Dominic podía oír a alguien caminando por el pasillo, pero todavía estaba demasiado lejos para que Alexis lo hubiera oído. Simplemente debía de estar tan familiarizada con los horarios que lo supo incluso antes de que se acercaran a los guardias de la puerta.

Abrió la puerta y Wilkes le hizo un leve asentimiento con la cabeza, para luego devolver su atención al hombre del pasillo. Llevaba un montón de cajas, todas marcadas con el emblema del almacén del Palacio.

—Su Gracia, traigo el pedido para la Princesa.

Dominic le hizo un gesto para que entrara, y el repartidor empezó rápidamente a colocar su carga en una de las mesas auxiliares.

Todo parecían baratijas al azar, y Dominic se dio cuenta de que eran regalos de los otros Nobles para celebrar su embarazo. Había docenas, pero no tantos como Dominic había temido que pudieran recibir.

—Muy bien, terminemos el desayuno y volvamos a casa, al caos.

—Tienes tanto trabajo que podríamos no vernos en un año si no lo hacemos a propósito —informó Alexis a Dominic con el ceño fruncido.

—Venga, seguro que no será para tanto.

—Y si lo es, tengo toda la intención de seguir contratando más personal hasta que deje de serlo. Además, tengo un grupo de magos fiables para abrir portales, así que no tengo que pasarme semanas o meses de gira por el territorio.

La mujer de pelo canoso que maquillaba a Alexis se rio.

—Ay, niña. Aún no lo entiendes, pero lo harás. Los Duques siempre necesitan recorrer personalmente su territorio, no solo para que todo el mundo pueda verlos y recordar que están ahí y dispuestos a mediar en las quejas, sino también para atraer a los bandidos y hacerlos salir de sus escondites.

—Algunos grupos de bandidos se esconden demasiado bien como para cazarlos con mercenarios, tienes que enviar algo de gran valor como cebo para que salgan de su escondite y así deshacerte de ellos.

—Ojalá pudiera decir que te equivocas, pero tienes toda la razón, y debería haberme acordado.

—Con la de veces que salí de mi escondite para emboscar a grupos de soldados que buscaban rastros de mis movimientos, debería haber pensado de inmediato en la mejor manera de atraer a los bandidos.

La anciana sonrió y le dio una palmadita en el hombro a Alexis. —Ya estás lista, querida. Preparada para ir a comer. Deja que se asiente unos segundos, nada de manoseos antes del desayuno.

«Está claro que se conocen muy bien», decidió Dominic.

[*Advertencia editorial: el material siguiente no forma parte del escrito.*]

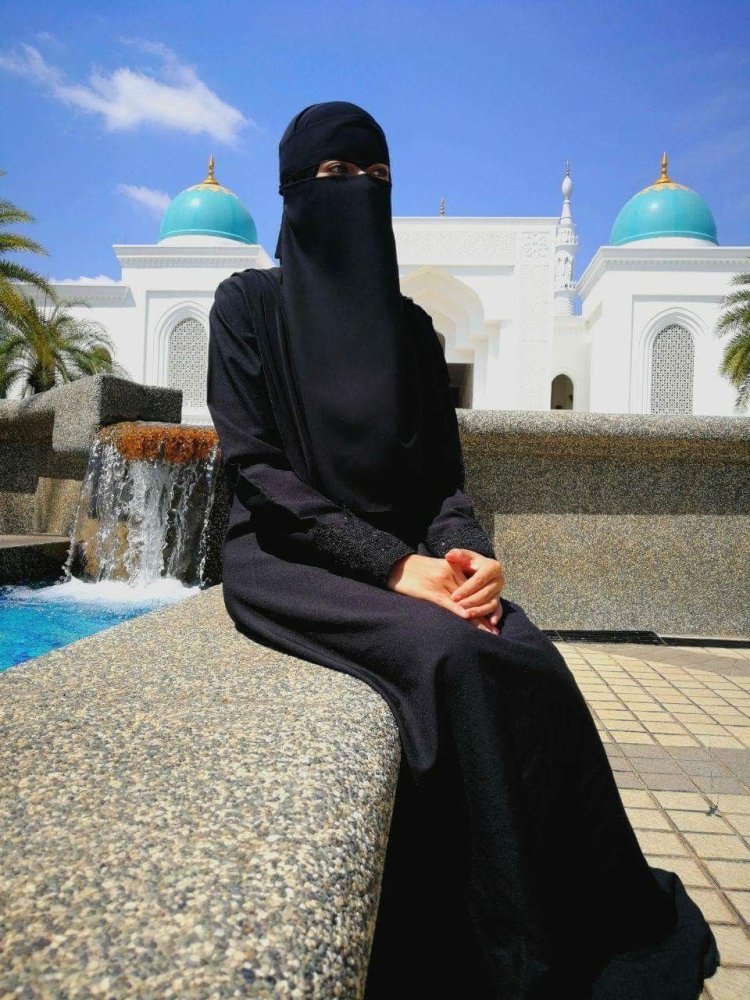 Arabic niqab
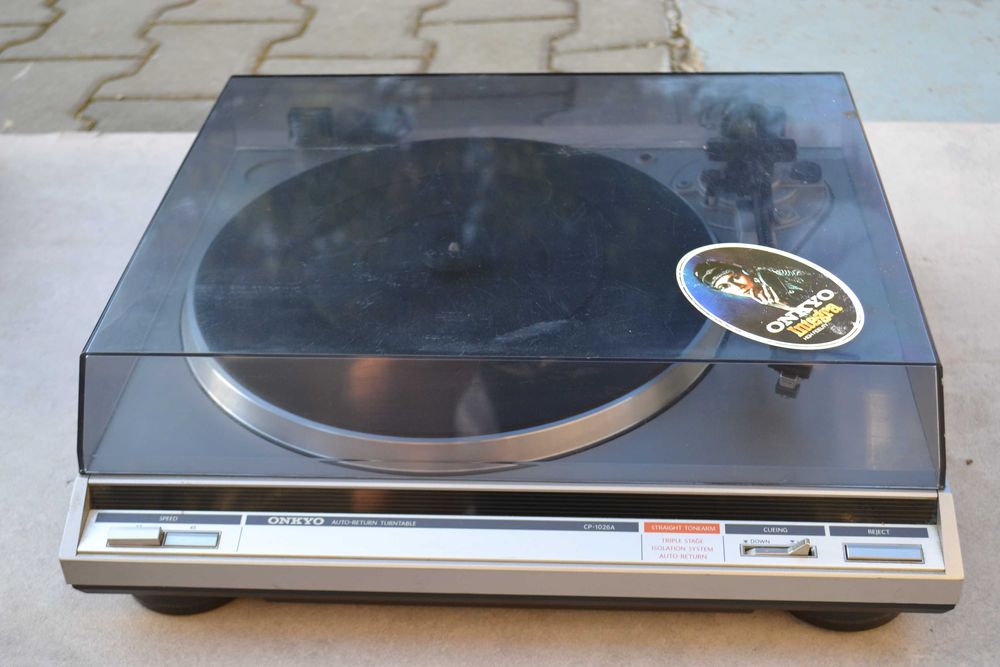Pick up Onkyo CP 1026 A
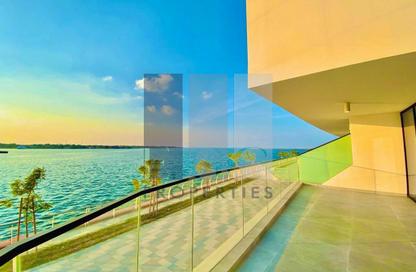 Townhouse - 4 - 6 for rent in Al Sail Tower - Al Dana - Al Raha Beach - Abu Dhabi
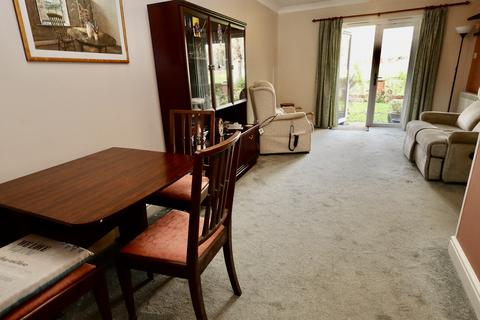 2 bedroom retirement property for sale, The Cloisters, Wells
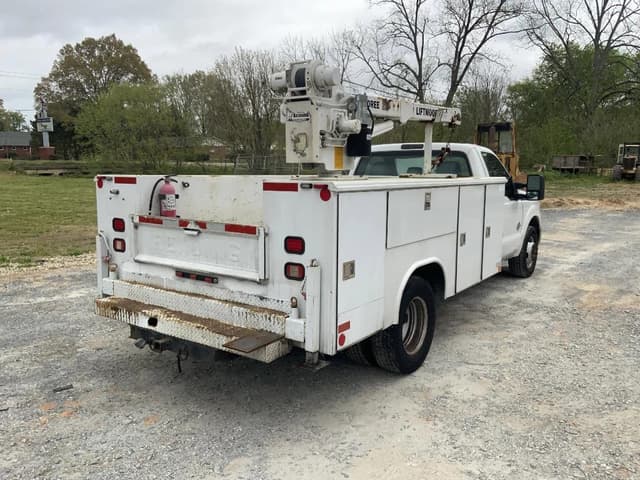 Image of Ford F-350 equipment image 4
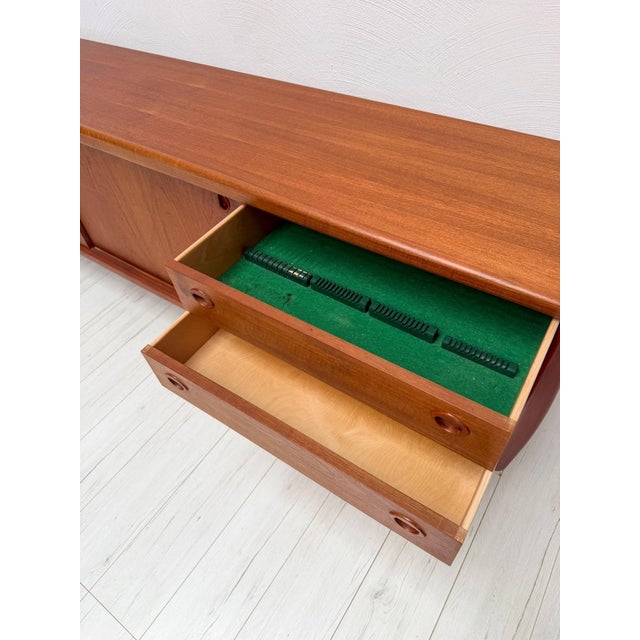 Large Vintage Danish Teak Sideboard by H.P. Hansen, 1960s For Sale - Image 13 of 17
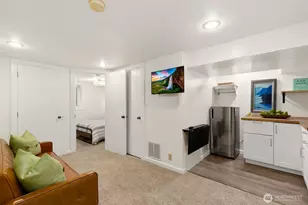 2802 29th Ave W, Seattle, WA 98199 - Photo 29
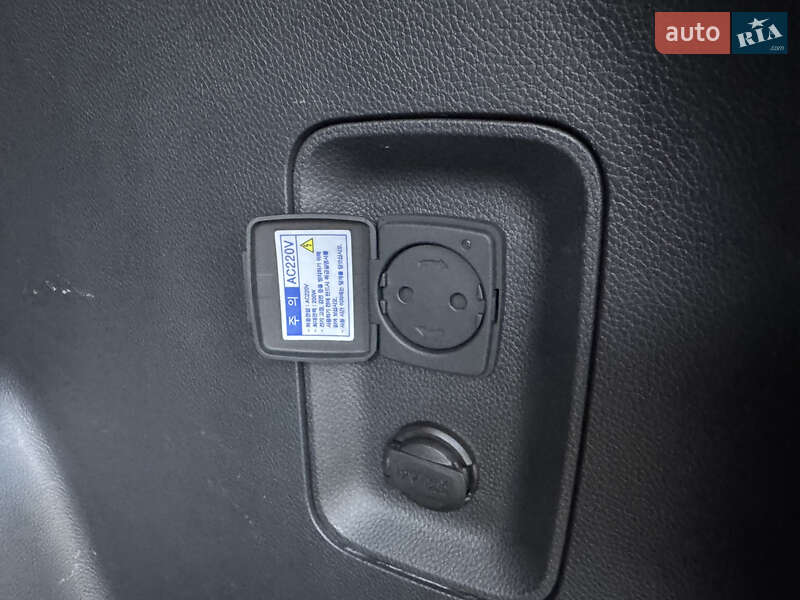 Внедорожник / Кроссовер Hyundai Santa FE 2015 в Луцке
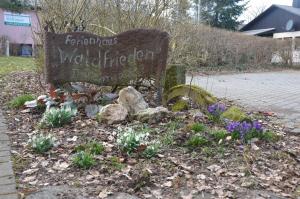 ThalfangにあるHaus Waldfrieden EGの花岩の看板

No solo le había hecho el maquillaje exactamente como a Alexis le gustaba sin necesidad de indicaciones constantes, sino que también era lo bastante valiente como para bromear con la Princesa, cuando la mayoría del personal subalterno no se atrevería a hablar tan abiertamente con los Miembros de la Realeza.

Alexis guardó todos los regalos en un objeto de almacenamiento mientras se preparaba para ir a desayunar, y se cogió del brazo de Dominic mientras la Guardia Real los seguía, ya alimentada y lista para afrontar el día.

Les resultó fácil volver a las viejas rutinas, ya que habían pasado muchos años en esa ala del Palacio, y el desayuno de la Familia Real era una tradición.

El único cambio real era que, como era el cumpleaños del Rey, todos habían regresado.

Bueno, todos los que podían regresar.

Dominic observó que había algunos sitios vacíos en la mesa con las copas boca abajo, reservados para los miembros de la Familia Real que habían sido asesinados en el último año durante la invasión.

Esa tradición continuaría durante tres años, y luego la Clasificación Real se ajustaría oficialmente para colocar a cada uno según su posición actual en la jerarquía.